_TASK DIRECTIONS_: Only one stretch of the data should be retyped: the lines from the line containing "Weiss lebendiges abstrakte" through the line containing "Personalised Dad Cushion". Keep pictures out of it.

(DATA IN THIS EXERCISE)

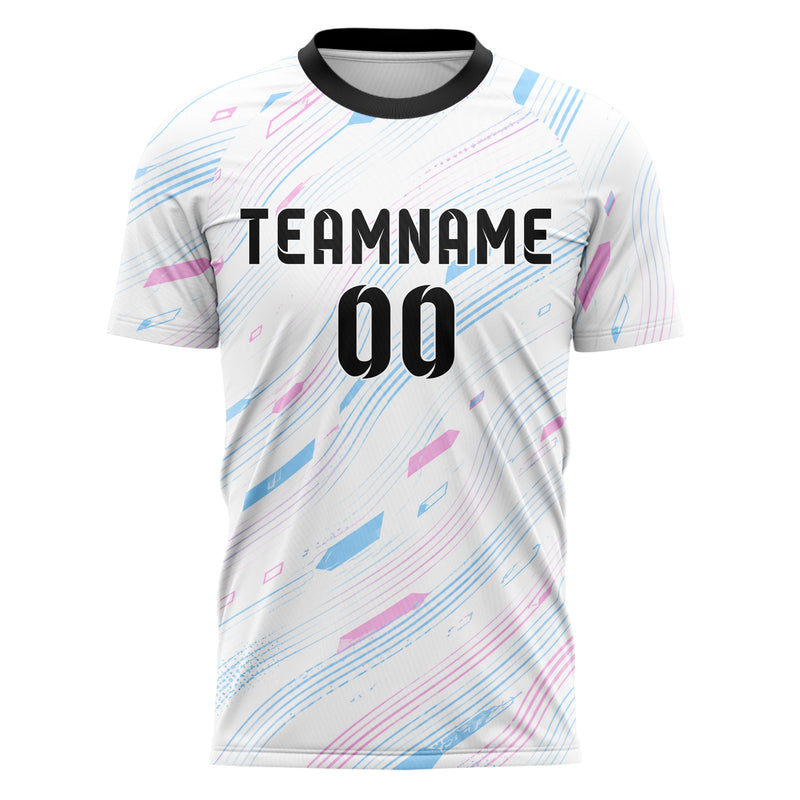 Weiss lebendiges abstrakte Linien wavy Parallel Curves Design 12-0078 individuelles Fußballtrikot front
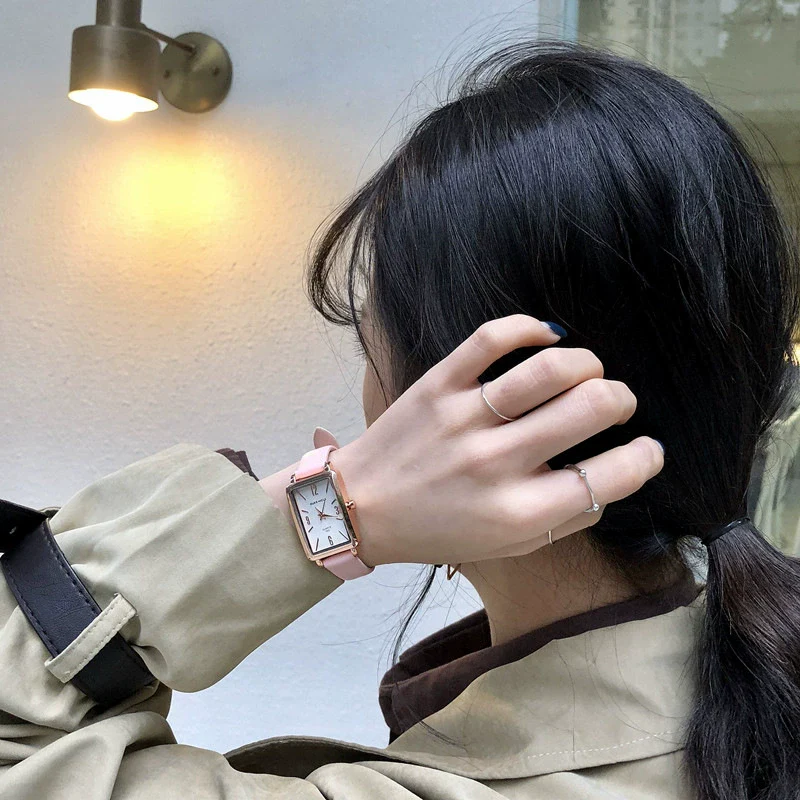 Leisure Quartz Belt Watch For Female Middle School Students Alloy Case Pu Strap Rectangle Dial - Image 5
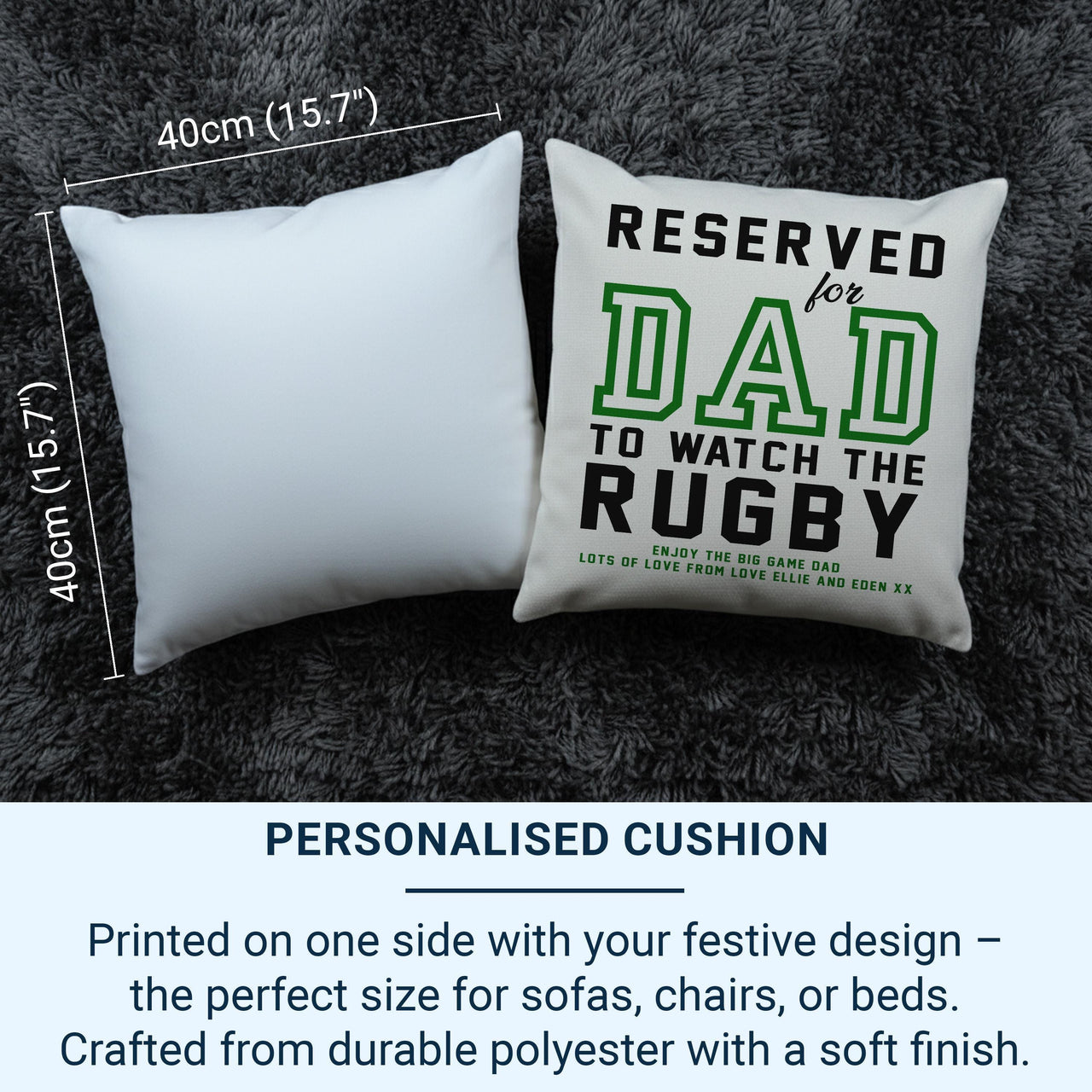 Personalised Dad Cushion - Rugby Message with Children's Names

(End DATA IN THIS EXERCISE)
(DATA IN THIS EXERCISE)

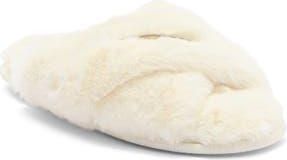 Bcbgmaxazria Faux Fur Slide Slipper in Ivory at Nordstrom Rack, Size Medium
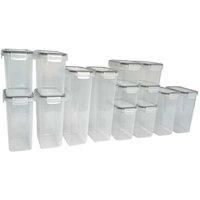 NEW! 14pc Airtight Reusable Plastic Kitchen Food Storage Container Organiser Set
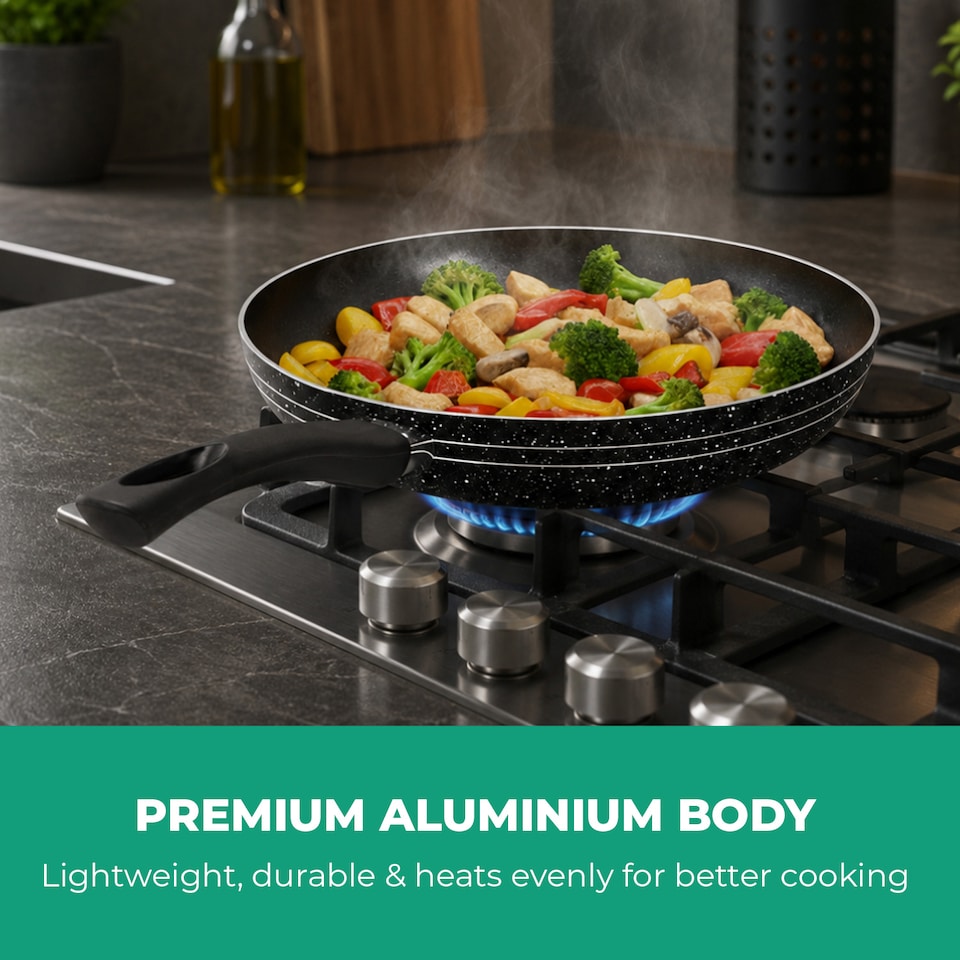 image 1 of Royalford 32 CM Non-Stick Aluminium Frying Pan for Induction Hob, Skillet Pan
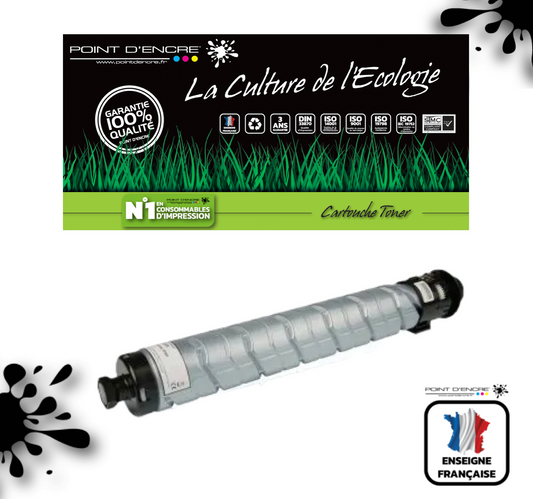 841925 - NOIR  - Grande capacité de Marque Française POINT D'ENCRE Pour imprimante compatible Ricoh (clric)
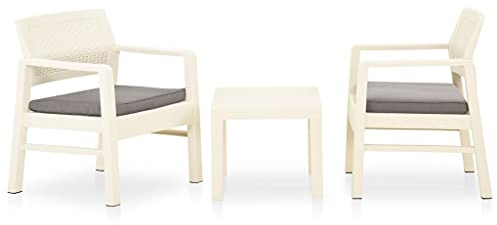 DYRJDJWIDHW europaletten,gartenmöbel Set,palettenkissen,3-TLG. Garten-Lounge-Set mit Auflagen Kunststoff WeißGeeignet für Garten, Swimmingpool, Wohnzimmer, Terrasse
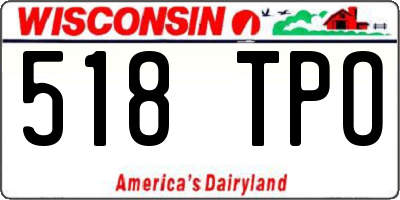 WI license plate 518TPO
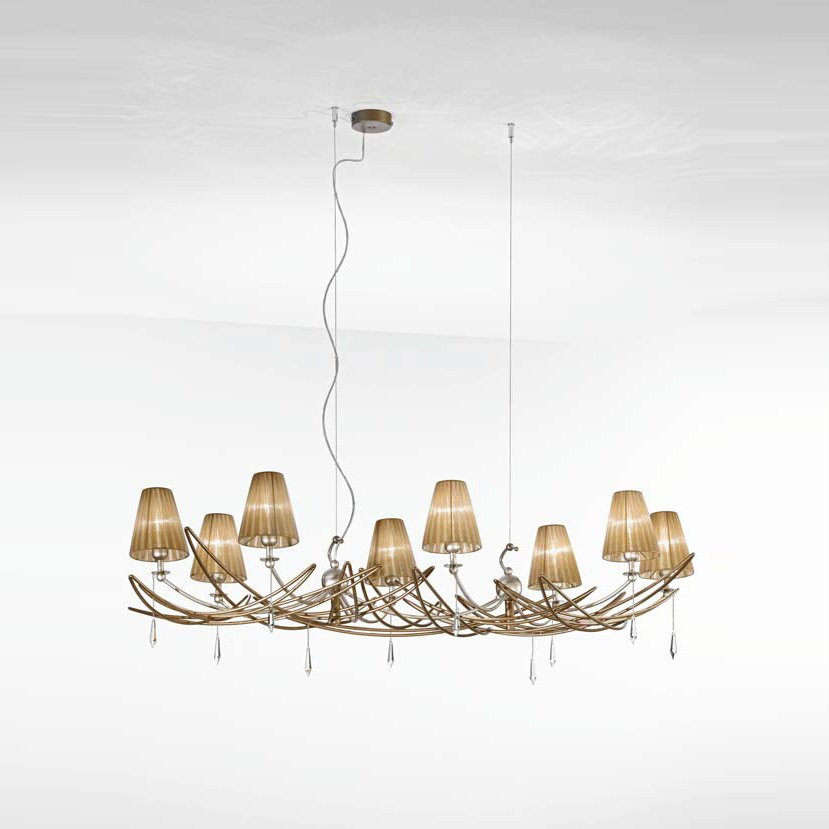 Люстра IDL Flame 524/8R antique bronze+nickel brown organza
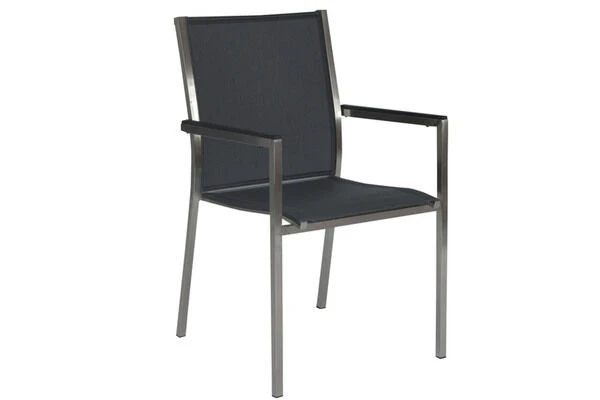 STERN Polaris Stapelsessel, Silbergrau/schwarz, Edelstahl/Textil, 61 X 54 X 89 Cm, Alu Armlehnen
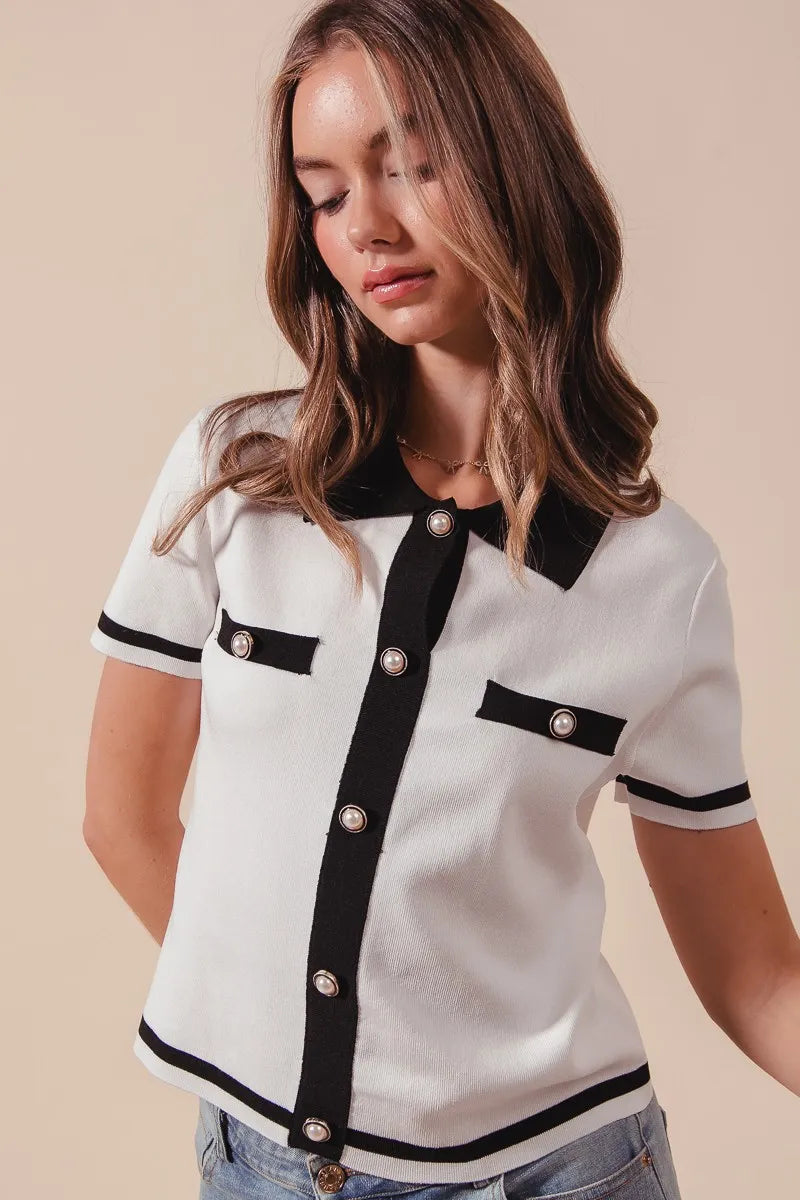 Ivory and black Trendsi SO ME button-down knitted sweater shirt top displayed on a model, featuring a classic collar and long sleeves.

(End DATA IN THIS EXERCISE)
(DATA IN THIS EXERCISE)

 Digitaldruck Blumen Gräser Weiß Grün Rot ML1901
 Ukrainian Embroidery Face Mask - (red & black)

(End DATA IN THIS EXERCISE)

_OUTPUT_:
 Weiss lebendiges abstrakte Linien wavy Parallel Curves Design 12-0078 individuelles Fußballtrikot front
 Leisure Quartz Belt Watch For Female Middle School Students Alloy Case Pu Strap Rectangle Dial - Image 5
 Personalised Dad Cushion - Rugby Message with Children's Names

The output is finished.